Possono riconoscersi all'imputato, tenuto conto della non particolare gravità dei fatti e del comportamento collaborativo tenuto dallo stesso, nel corso della perquisizione, con le forze dell'ordine, le circostanze attenuanti generiche.
Tanto premesso, considerati i criteri di commisurazione del trattamento sanzionatorio enunciati nell'art. 133 c.p., si ritiene equo condannare l'Or. alla pena di un anno e sei mesi di reclusione, così determinata: pena base, tenuto conto del precedente specifico risultante a carico dell'imputato dal certificato del casellario giudiziale in atti, un anno e tre mesi di reclusione, ridotta alla misura finale sopra indicata in virtù del riconoscimento delle circostanze attenuanti generiche.
All'affermazione della penale responsabilità dell'imputato segue la condanna dello stesso, secondo legge, al pagamento delle spese processuali.
Non possono riconoscersi all'imputato, già gravato da una condanna irrevocabile alla pena di due anni, sei mesi di reclusione e 1.000 euro di multa (inflittagli dalla Corte d'Appello di Napoli, con sentenza del 12 ottobre 2021, passata in giudicato il 28 ottobre 2021, per i reati di ricettazione, detenzione di armi clandestine e detenzione illegale di stupefacenti, accertati a suo carico nel corso della medesima perquisizione dalla quale ha tratto origine il presente procedimento), gli invocati benefici di legge.
L'Or. va, viceversa assolto dal reato a lui ascritto al capo 2) del decreto di rinvio a giudizio, ex art. 530, co. 2, c.p.p., apparendo, se non del tutto mancante, quanto meno incerta e contraddittoria la prova che lo stesso abbia materialmente realizzato la falsa tessera sanitaria intestata a Da.Br. o concorso in qualunque modo, nella fase ideativa, preparatoria o esecutiva, alla consumazione del reato.

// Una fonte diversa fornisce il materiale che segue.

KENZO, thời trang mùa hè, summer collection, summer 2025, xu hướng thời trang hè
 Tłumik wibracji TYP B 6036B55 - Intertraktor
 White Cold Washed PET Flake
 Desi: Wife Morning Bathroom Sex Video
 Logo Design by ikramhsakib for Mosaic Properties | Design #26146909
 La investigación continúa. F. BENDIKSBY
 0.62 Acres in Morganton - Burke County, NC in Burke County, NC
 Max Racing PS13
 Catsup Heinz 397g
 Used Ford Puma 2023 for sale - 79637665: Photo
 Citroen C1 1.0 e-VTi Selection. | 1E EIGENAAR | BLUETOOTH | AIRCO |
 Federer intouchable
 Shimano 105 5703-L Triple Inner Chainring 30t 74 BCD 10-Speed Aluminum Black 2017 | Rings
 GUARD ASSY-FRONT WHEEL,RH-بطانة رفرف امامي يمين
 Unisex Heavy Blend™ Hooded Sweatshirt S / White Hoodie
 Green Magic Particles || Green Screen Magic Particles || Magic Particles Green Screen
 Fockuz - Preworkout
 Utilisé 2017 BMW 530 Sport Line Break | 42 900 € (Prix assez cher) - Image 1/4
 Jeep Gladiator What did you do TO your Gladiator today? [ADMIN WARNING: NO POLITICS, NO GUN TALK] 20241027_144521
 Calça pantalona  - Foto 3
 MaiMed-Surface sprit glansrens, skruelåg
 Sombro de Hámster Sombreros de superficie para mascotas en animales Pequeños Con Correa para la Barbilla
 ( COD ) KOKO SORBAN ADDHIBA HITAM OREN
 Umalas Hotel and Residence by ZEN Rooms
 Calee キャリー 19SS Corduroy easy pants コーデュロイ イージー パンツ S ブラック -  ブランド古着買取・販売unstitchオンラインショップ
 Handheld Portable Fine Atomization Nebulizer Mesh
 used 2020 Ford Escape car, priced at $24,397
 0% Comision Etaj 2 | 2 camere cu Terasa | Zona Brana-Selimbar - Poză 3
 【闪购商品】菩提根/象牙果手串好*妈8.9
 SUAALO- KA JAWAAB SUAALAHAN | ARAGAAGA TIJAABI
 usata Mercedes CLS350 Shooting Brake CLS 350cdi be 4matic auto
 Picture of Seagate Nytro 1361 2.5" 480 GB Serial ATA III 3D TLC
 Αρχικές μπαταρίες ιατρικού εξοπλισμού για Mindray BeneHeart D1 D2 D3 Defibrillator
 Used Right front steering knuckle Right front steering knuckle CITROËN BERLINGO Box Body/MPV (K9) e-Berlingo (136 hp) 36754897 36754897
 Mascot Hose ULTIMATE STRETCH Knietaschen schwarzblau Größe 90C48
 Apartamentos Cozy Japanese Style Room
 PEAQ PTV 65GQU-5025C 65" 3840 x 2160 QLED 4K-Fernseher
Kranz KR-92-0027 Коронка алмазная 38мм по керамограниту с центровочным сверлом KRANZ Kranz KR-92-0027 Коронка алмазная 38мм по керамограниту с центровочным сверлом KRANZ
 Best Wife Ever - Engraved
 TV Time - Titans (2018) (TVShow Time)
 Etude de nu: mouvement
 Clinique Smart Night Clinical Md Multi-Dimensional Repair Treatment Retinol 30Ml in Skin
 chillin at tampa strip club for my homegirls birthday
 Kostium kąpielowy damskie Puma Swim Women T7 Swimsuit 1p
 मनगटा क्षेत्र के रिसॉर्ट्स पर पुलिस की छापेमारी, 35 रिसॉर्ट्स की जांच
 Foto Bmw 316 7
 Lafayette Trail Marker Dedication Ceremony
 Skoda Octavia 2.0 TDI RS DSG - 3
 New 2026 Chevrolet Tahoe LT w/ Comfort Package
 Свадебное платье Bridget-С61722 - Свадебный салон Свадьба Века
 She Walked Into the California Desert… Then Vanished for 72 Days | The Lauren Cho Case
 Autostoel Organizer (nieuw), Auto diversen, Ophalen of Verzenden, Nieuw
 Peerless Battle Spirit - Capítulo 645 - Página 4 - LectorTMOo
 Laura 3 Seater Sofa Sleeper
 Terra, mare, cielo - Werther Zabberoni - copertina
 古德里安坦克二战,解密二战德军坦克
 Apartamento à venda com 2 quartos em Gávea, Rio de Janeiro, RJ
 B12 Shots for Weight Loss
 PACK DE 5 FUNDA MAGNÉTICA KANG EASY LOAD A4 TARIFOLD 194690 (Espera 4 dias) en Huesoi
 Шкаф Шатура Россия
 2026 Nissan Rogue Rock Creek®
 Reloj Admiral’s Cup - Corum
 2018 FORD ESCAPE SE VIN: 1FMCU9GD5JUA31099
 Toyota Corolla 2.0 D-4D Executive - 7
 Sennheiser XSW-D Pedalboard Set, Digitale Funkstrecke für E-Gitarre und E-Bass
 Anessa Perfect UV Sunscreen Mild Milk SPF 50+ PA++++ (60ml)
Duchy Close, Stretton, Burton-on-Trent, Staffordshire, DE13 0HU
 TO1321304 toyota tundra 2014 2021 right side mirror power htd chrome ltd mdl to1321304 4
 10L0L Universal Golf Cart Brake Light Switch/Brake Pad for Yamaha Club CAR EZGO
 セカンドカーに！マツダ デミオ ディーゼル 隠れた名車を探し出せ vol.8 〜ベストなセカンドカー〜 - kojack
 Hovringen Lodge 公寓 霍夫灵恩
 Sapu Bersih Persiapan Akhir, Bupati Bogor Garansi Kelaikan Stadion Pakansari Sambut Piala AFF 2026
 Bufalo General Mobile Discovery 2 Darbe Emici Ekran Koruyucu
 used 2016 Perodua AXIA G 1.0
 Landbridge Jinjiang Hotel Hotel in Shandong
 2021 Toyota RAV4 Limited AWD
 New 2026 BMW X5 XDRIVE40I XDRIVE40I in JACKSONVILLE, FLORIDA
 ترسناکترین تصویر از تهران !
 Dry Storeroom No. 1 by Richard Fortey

Non può escludersi, invero, sulla base degli elementi di prova in atti, che l'imputato - al quale non è stato contestato (né ve ne sarebbe stato motivo) di aver fatto uso della tessera sanitaria - si sia limitato, per così dire, ad entrare in possesso della stessa, custodendola nel garage della propria abitazione, senza aver preso parte, direttamente o quale istigatore dell'esecutore materiale della condotta, alla contraffazione. Va disposta, infine, ex art. 240 c.p., la confisca e la distruzione della carta d'identità e della tessera sanitaria in giudiziale sequestro.
Tenuto conto della (relativa) complessità delle questioni di fatto e di diritto sottese alla stesura della presente sentenza e del carico di lavoro che grava sul ruolo di questo giudice, si ritiene opportuno fissare in novanta giorni il termine per il deposito della motivazione.
P.Q.M.
Letti gli artt. 533 e 535 c.p.p.,
dichiara Fr.Or. colpevole del reato a lui ascritto al capo 1) del decreto che dispone il giudizio e, riconosciute allo stesso le circostanze attenuanti generiche, lo condanna alla pena un anno e sei mesi di reclusione, oltre che al pagamento delle spese processuali.
Letto l'art. 530, co. 2, c.p.p., assolve l'imputato dal reato a lui ascritto al capo 2) del decreto che dispone il giudizio per non aver commesso il fatto.
Ordina la confisca e la distruzione della carta d'identità e della tessera sanitaria in giudiziale sequestro.
Letto l'art. 544, co. 3, c.p.p., fissa in novanta giorni il termine per il deposito della motivazione.
Così deciso in Nola il 10 giugno 2024.
Depositato in Cancelleria il 9 settembre 2024.